** Opening SOURCE DATA block **
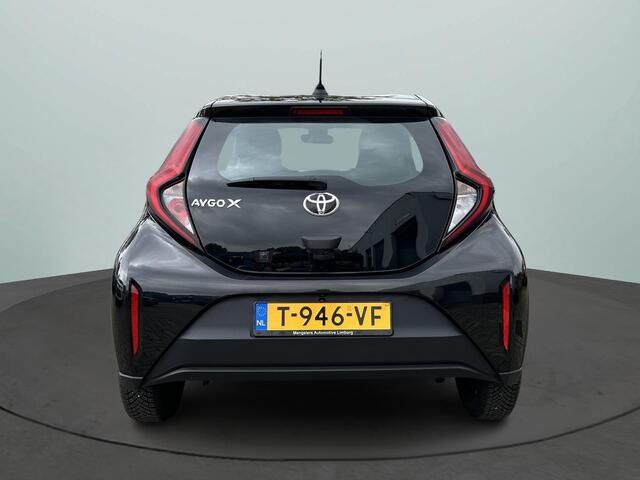 Toyota AYGO X 1.0 VVT-i MT play Airco / Cruise Control Adaptief / Camera Achter / Navi via App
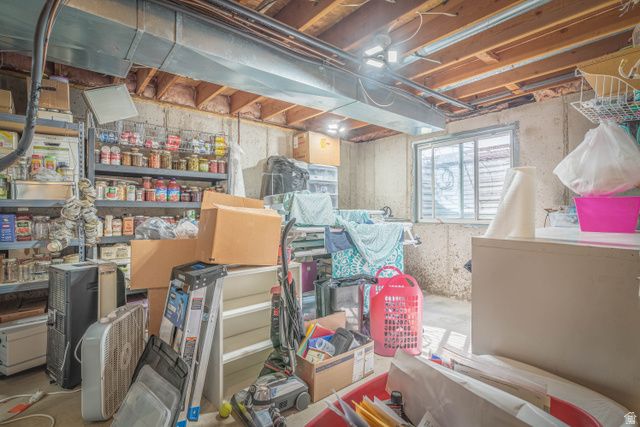 1410 W 975 S, Clearfield, UT 84015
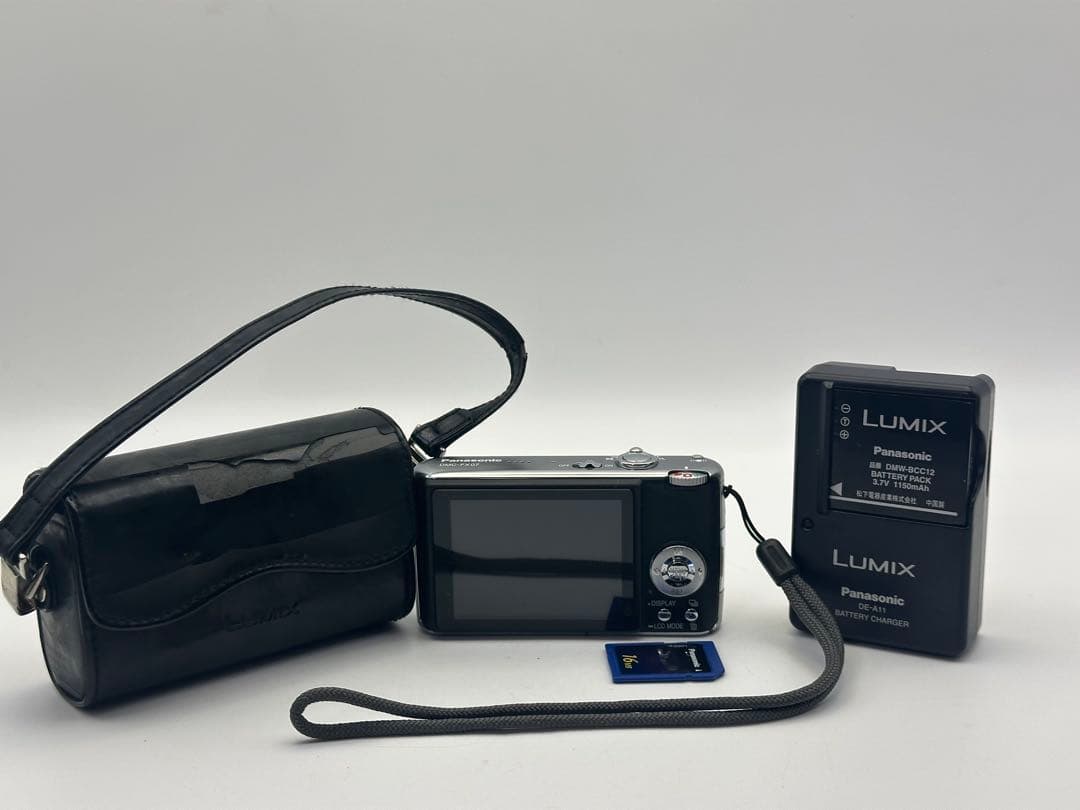 Panasonic LUMIX DMC-FX07 コンパクトデジタルカメラ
** Closing SOURCE DATA block **
### YOUR ASSIGNMENT
Would it be possible to copy the material exactly, excluding the images?

### RESULT OF THIS TASK
 Toyota AYGO X 1.0 VVT-i MT play Airco / Cruise Control Adaptief / Camera Achter / Navi via App
 1410 W 975 S, Clearfield, UT 84015
 Panasonic LUMIX DMC-FX07 コンパクトデジタルカメラ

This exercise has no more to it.